Hypertensie die slecht op behandeling reageert, is niet per definitie therapieresistente hypertensie. De diagnose therapieresistente hypertensie kan men pas stellen als 1) met zekerheid is vastgesteld dat de patiënt de medicatie adequaat neemt (met andere woorden, therapietrouw is); 2) wittejassenhypertensie is uitgesloten en 3) er geen sprake is van secundaire oorzaken voor de hypertensie.
Zowel in de huisartsenpraktijk als in het ziekenhuis is therapieontrouw lastig vast te stellen. Een belangrijke oorzaak van therapieontrouw bij hypertensie is dat de patiënt veelal geen hinder ervaart van de hypertensie, ook niet als hij of zij de medicatie af en toe niet slikt. Voor het vaststellen van therapieontrouw bestaan vragenlijsten over medicatiegebruik, makkelijk toe te passen en goedkoop. Dit is een subjectieve methode om de therapietrouw te monitoren. Betrouwbaarder, maar duurder en ingewikkelder, is het meten van spiegels van medicatie (metabolieten) in het bloed of de urine.
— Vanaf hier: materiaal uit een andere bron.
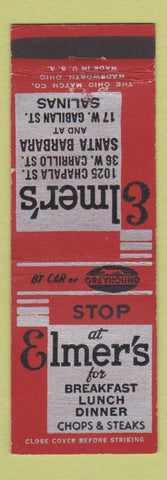 Matchbook Cover - Elmer's Restaurant Salinas CA Santa Barbara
Huisartsen kunnen screenen op secundaire oorzaken. Een van de meestvoorkomende secundaire oorzaken is primair hyperaldosteronisme. Onder patiënten die naar het UMC Utrecht waren verwezen vanwege een slecht te reguleren bloeddruk kwam dit bij 11% voor.1 De diagnostiek van hyperaldosteronisme is bewerkelijk. Bloedafname en bepaling voor renine en aldosteron moeten onder zeer gestandaardiseerde condities plaatsvinden. Bij vermoeden van hyperaldosteronisme kan de huisarts de patiënt doorsturen naar een internist met hypertensie als aandachtsgebied.
Een vaak vergeten bijkomende oorzaak van hypertensie is een hoge zoutinname. Deze kan men vaststellen aan de hand van de natriumuitscheiding in de urine in een 24-uursportie. In het UMC Utrecht bleek dat bij patiënten met een slecht te reguleren hypertensie de gemiddelde inname van zout ongeveer 1,2 gram hoger ligt dan het landelijk gemiddelde van 8,8 gram/dag. Andere secundaire oorzaken van hypertensie zijn: nierarteriestenose, het obstructieve slaapapnoesyndroom, gevorderde chronische nierschade, pseudohyperaldosteronisme, coarctatio aortae, hypothyreoïdie, primaire hyperparathyreoïdie, het syndroom van Cushing en het feochromocytoom.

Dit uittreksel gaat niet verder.